As well as Breedt’s introductory note, there is an essay on British song in general by Ruth Seiberts. Some of her comments will sound strange to British ears. We may get tired of the automatic pairing of Parry and Stanford in all history books, but Seiberts has a solution for this: “Both Parry and Elgar introduced a new direction to English music, away from Victorian strictness and towards a freer engagement with musical material”. We may also tire of the penny-in-the-slot emphasis on Stanford as a teacher rather than as a composer. Seiberts has an answer to that one, too: “A true English musical renaissance had been prompted by Parry and Elgar. This is especially apparent with Parry, who was a lecturer at the Royal College of Music.
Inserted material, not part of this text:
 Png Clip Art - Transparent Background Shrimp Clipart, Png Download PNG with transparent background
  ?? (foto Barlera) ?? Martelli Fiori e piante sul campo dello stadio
By virtue of this position, he attracted talented students, many of whom later went on to become composers themselves”. She then goes on to mention that Vaughan Williams “studied under Parry” [as far as composition was concerned he went to Stanford, Parry was Principal of the RCM but didn’t actually teach composition] and “was also keen to study with Elgar, but was not accepted”. English musical history as she is wrote in Germany!
But all things considered, a warm welcome to the best—and particularly the least recorded—things here.